All lines from the top of the records below through the line holding "This is where", and only those, should be printed exactly, minus the pictures.

Records excerpted from a collection:
------------------------------------
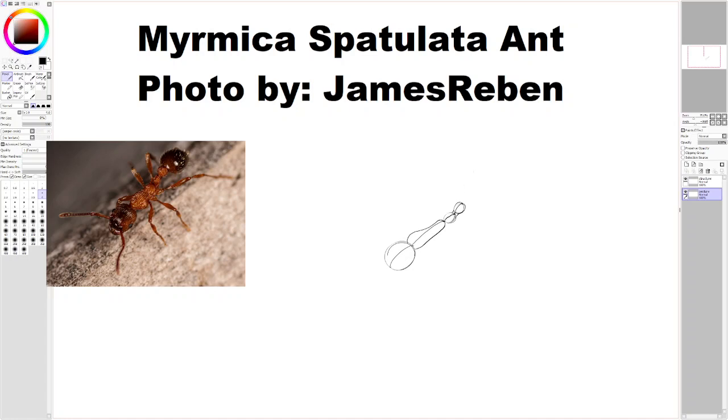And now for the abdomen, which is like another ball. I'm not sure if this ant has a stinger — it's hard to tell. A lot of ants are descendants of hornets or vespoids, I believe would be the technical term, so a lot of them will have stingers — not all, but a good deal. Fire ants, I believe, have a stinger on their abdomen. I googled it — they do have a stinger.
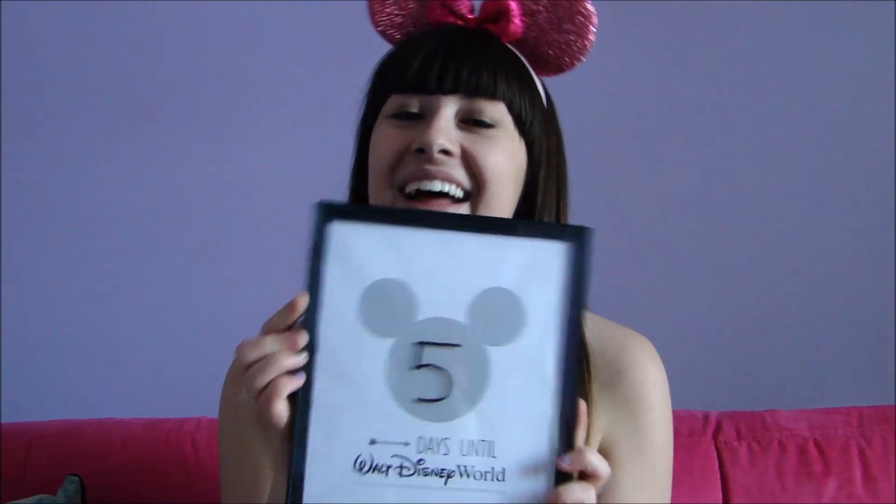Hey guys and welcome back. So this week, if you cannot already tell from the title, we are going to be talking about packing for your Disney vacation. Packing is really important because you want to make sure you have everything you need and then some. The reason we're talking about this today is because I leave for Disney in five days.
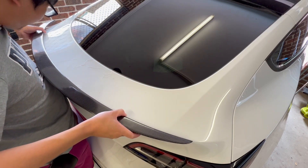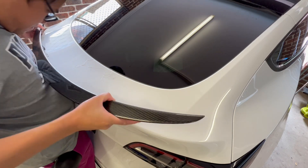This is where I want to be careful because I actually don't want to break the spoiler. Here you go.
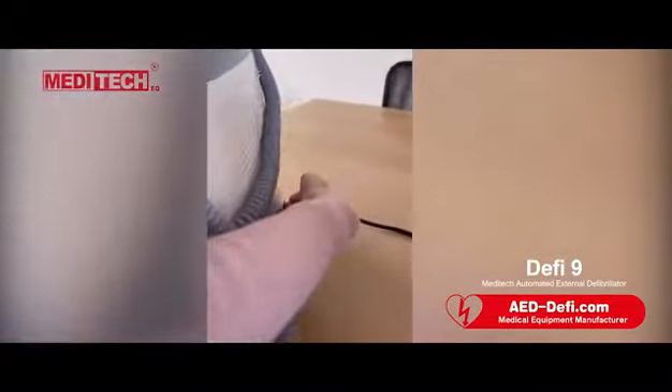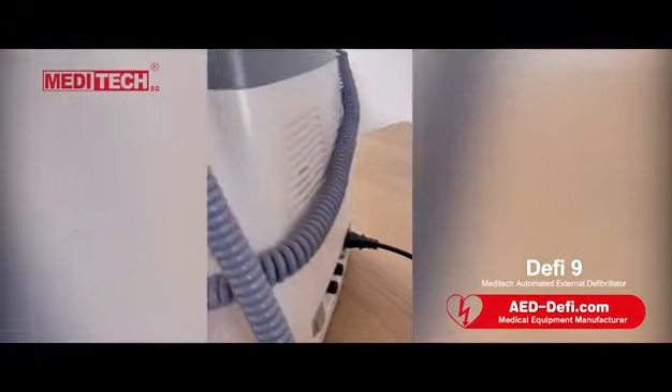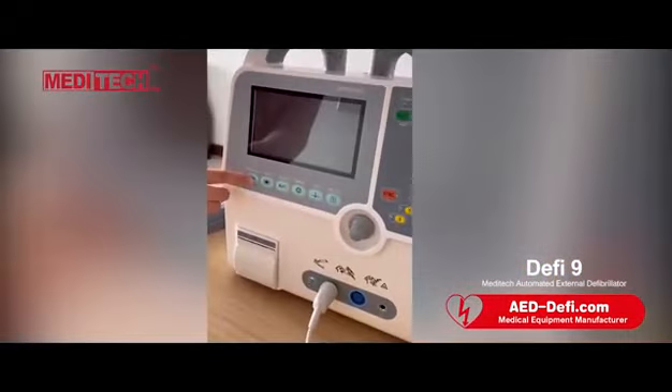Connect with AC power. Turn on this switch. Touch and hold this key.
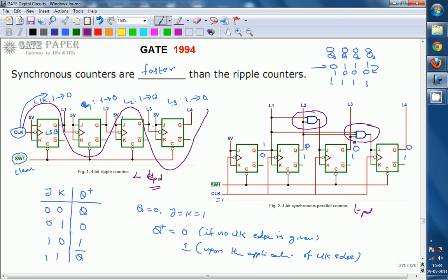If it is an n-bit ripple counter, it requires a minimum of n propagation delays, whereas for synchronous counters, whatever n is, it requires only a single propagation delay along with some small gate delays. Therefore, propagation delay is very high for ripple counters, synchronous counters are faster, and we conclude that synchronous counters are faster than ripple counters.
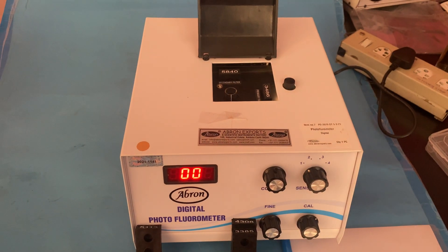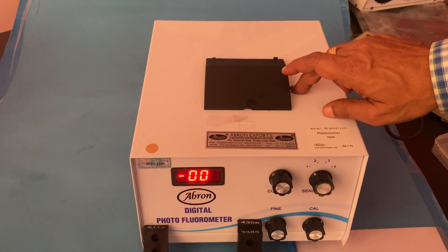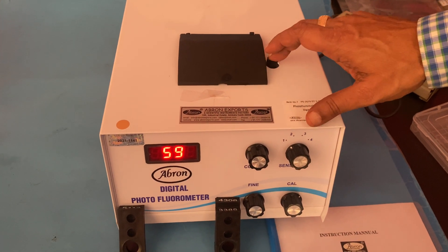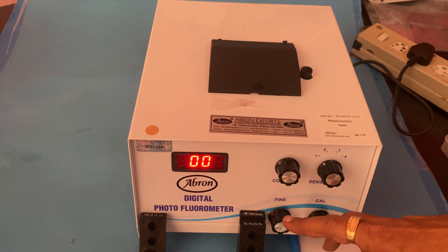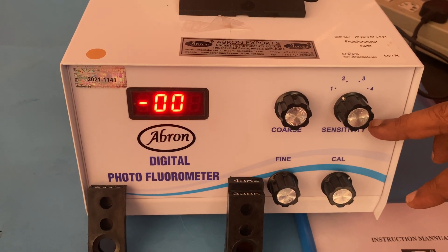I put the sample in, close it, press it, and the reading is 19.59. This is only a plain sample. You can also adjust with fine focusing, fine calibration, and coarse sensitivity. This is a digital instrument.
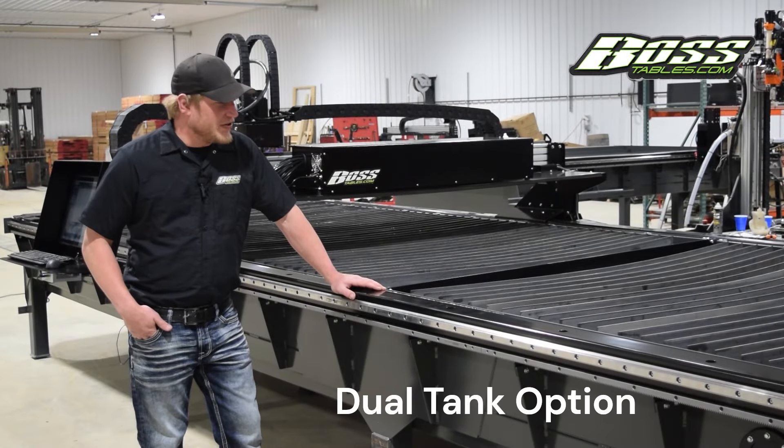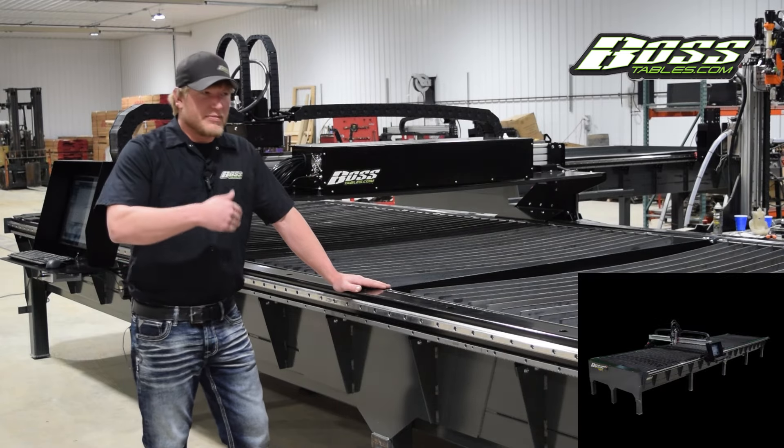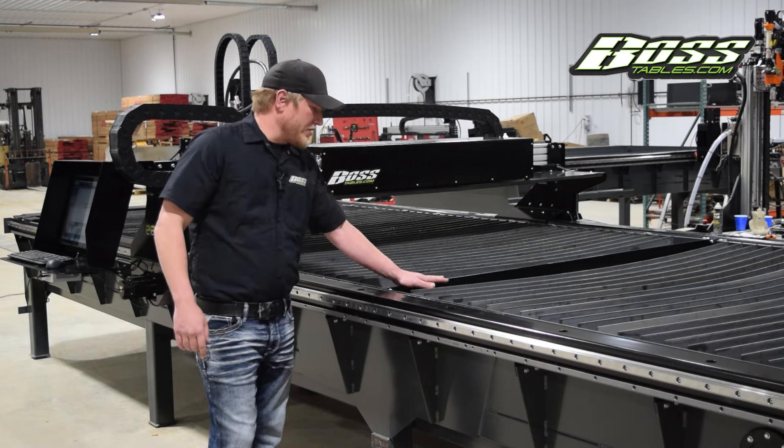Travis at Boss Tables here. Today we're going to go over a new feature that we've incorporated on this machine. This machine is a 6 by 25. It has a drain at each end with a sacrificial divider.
------------------------------------
**Response area**
And now for the abdomen, which is like another ball. I'm not sure if this ant has a stinger — it's hard to tell. A lot of ants are descendants of hornets or vespoids, I believe would be the technical term, so a lot of them will have stingers — not all, but a good deal. Fire ants, I believe, have a stinger on their abdomen. I googled it — they do have a stinger.
Hey guys and welcome back. So this week, if you cannot already tell from the title, we are going to be talking about packing for your Disney vacation. Packing is really important because you want to make sure you have everything you need and then some. The reason we're talking about this today is because I leave for Disney in five days.
This is where I want to be careful because I actually don't want to break the spoiler. Here you go.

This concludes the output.